Exelon will divide its utility holdings and generation assets into two specialized companies beginning in 2022, company leadership announced on Wednesday.
"RemainCo," as CEO Chris Crane termed the company that will be made up of Exelon's regulated utility business, will operate across seven jurisdictions and "provide platforms to enable a transition to a clean energy economy without owning the generation," he told investors during a Wednesday earnings call. "SpinCo" will assume management of a coal-free generation portfolio to become "America's clean energy leader," Crane said.
Exelon is the latest in a series of utilities that have spun off generation assets to conform to current market expectations and investment trends, according to Edward Jones senior analyst Mike Doyle.
After a months-long strategic review, Exelon has determined that spinning the company's generation assets into a new company will be best for both business divisions, allowing each to focus on "strategies tailored to the distinct business investment profiles and meeting unique customer needs," Exelon executives told investors.
But the rather unsurprising move, Doyle said, is probably more about aligning the company with investor expectations.
"We've been seeing this kind of thing for years," Doyle said, "because the market has been rewarding utility companies where 90-95% or more of their business earnings come from regulated sources."

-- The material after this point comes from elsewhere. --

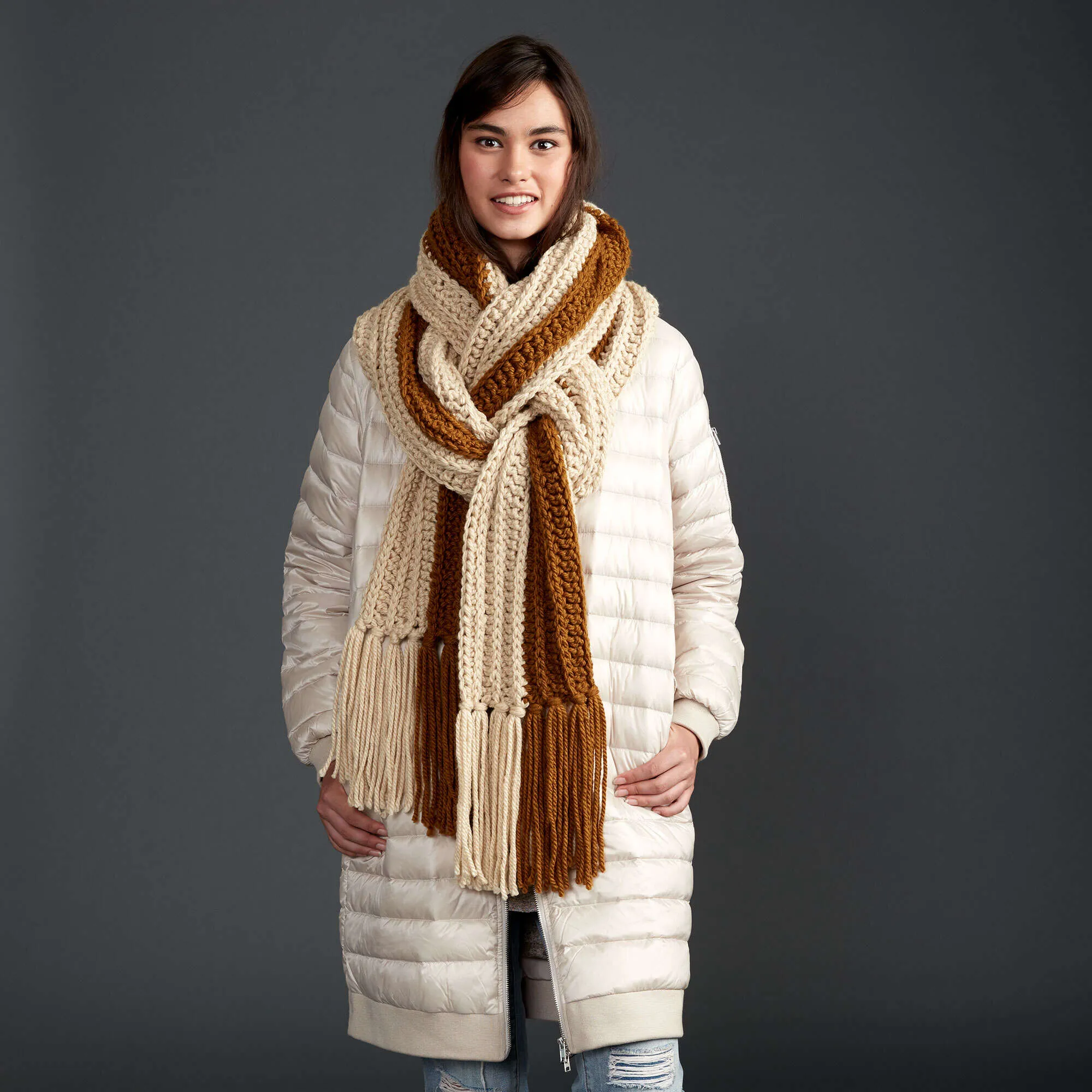 Bernat Highline Crochet Super Scarf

Investors may have once preferred conglomerates with diverse revenues, but they have become somewhat choosier, Doyle said. "Investors prefer a simpler story, a pure play, of what they're trying to own," he said. "They'd rather buy a utility and, if there's another sector they want to own in, they can choose, rather than having a hodgepodge of companies put together."

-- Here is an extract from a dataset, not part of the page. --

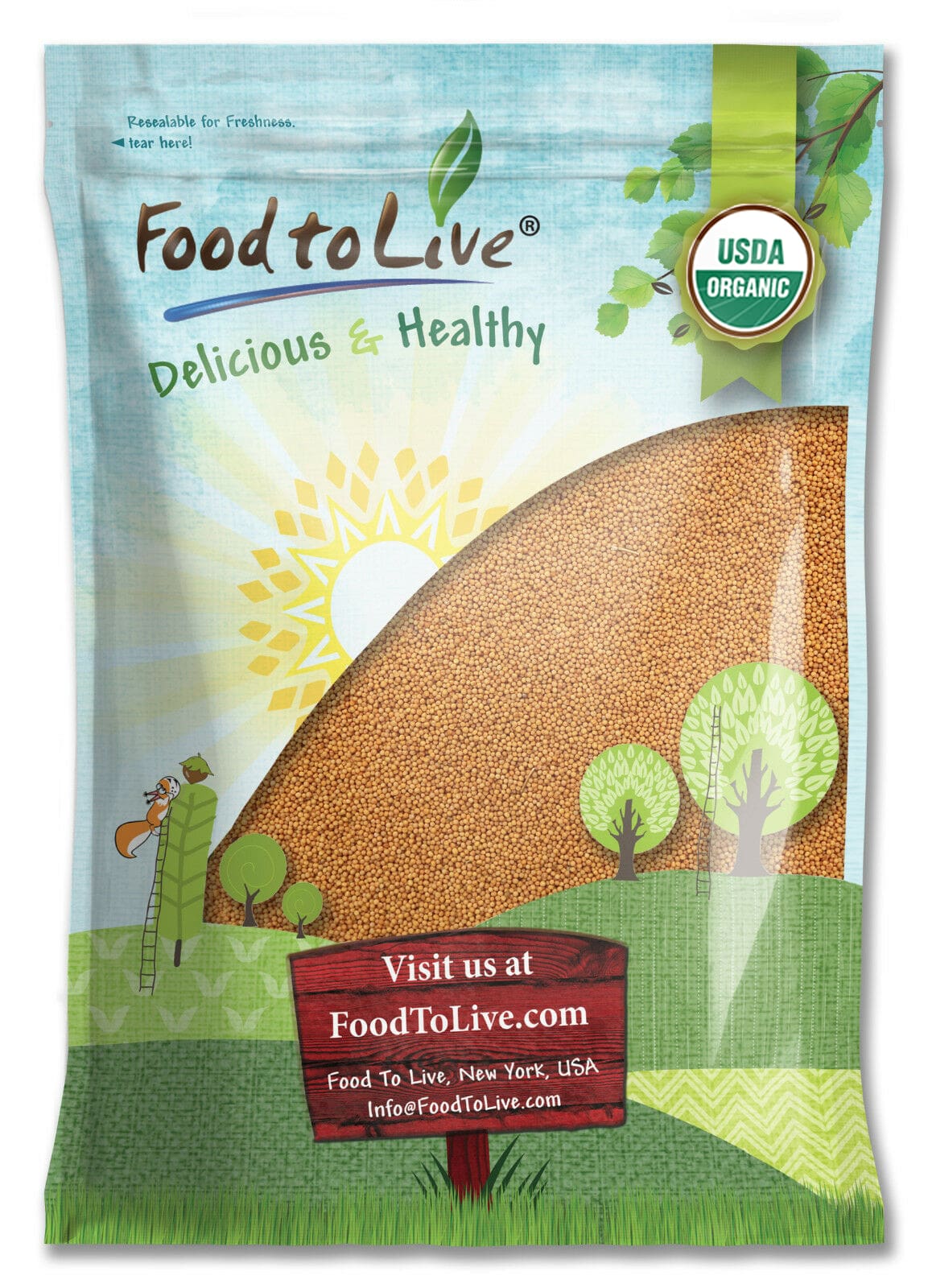 Organic Mustard Seeds - by Food To Live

Doyle noted the move could also help Exelon de-risk its generation assets, including 21 nuclear reactors spread across three states.
"I don't think there's a market for a bunch of nuclear plants right now," Doyle said, "and all the regulation that comes with that, not to mention power prices that have been really low."

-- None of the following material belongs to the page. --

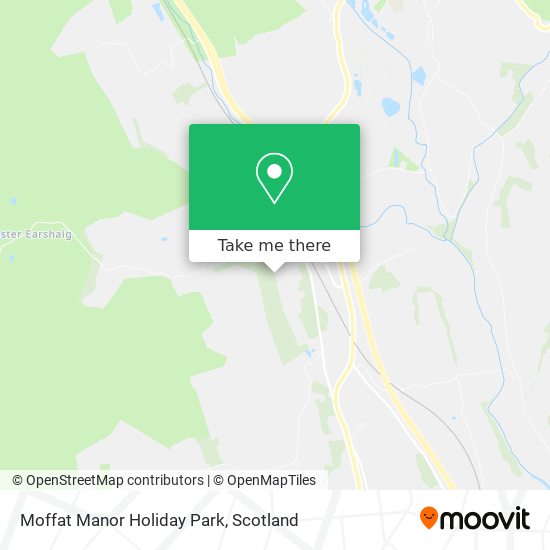 Moffat Manor Holiday Park map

During Wednesday's earnings call, Crane touted the "strong" performance of the company's nuclear fleet, but the press release announcing the pending split of the company reported that "the company will retire uneconomic assets that negatively affect its ability to provide a reliable source of clean power."
Exelon Chief Financial Officer Joe Nigro also touted the renewable energy holdings that will be transferred to SpinCo, which Nigro said will produce one of every 9 MW of carbon-free electricity in the U.S. when it splits from Exelon.
"SpinCo is and will be the leading clean energy producer in the United States," he said. "It does not own coal-fired generation and 90% of its output is emissions free."
While SpinCo will "continue to be a leading advocate for clean energy policies aimed at preserving and growing clean energy to combat the climate crisis," Nigro said, RemainCo plans to invest $27 billion over the next four years to address customer needs and grow the company's rate base to $15 billion by 2024.
The announcement has created some uncertainty in Illinois, where the Citizens Utility Board and other advocates hope nuclear power plants operated in that state by Exelon will contribute to a clean energy transition. However, David Kolata, executive director of the Citizens Utility Board, said he remained hopeful that Illinois will pass new clean energy legislation and that the division of Exelon will in the long term help to protect ratepayers by eliminating conflicts of interest.
Crane also noted the impact of last week's events in Texas on the company, noting that several of the company's plants in Texas experienced "operational issues" and went offline as a result of extreme weather. Crane anticipated a financial impact of $750-950 million as a result, though he said a lag in available data from ERCOT and the Public Utility Commission of Texas means that Exelon will need to refine these estimates as more details become available.